Good point. All the hyped anti-aging drugs haven’t panned out either. Because things very very rarely do, and it’s good to always keep in mind that nothing ever happens. I hadn’t really considered it here, because like most rats/transhumanists I tend to pattern-match every criticism of ozempic, or of a hypothetical anti-aging drug, with a kind of moralising, small-minded complaint - ‘it’s the easy way out’ , ‘it’s unauthentic thinness’, ‘aging/dying is a part of life’ etc – I immediately dismiss.
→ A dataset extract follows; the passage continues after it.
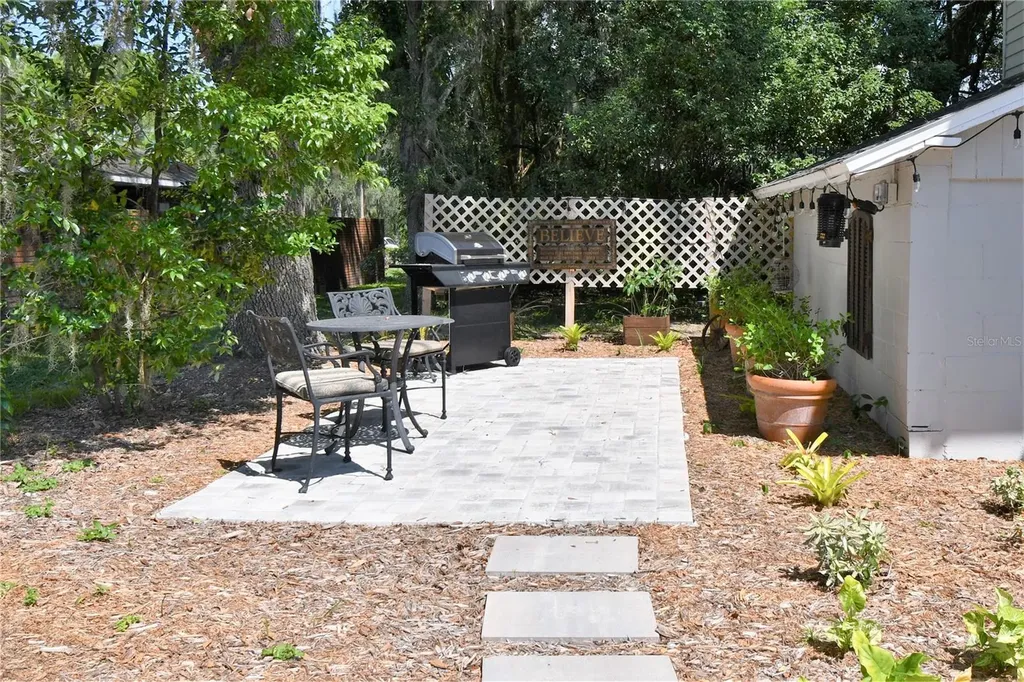 1245 N Alexander Street Mount Dora FL 32757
I’m not going to say it’s impossible that this one is the one, but I think as far as putting money down, I’d wait a year or so to see if the hype is just hype or if it’s real, or if there’s not going to be issues with side effects making the product only “worth the risk” for people who are either going to lose several hundred pounds or die. If the product is only going to be used on the population of people who weigh 300+ lbs, that’s a much smaller customer base than if it can be used by every woman looking to lose ten pounds to fit a swimsuit or wedding dress. If it’s just morbid obesity, it’s life changing for those people, but I don’t think it’s something that’s going to spike the stock price like if you cured a common and deadly disease like cancer

If it’s just morbid obesity, it’s life changing for those people, but I don’t think it’s something that’s going to spike the stock price like if you cured a common and deadly disease like cancer

There are a LOT of morbidly obese people. This would still be a major customer base.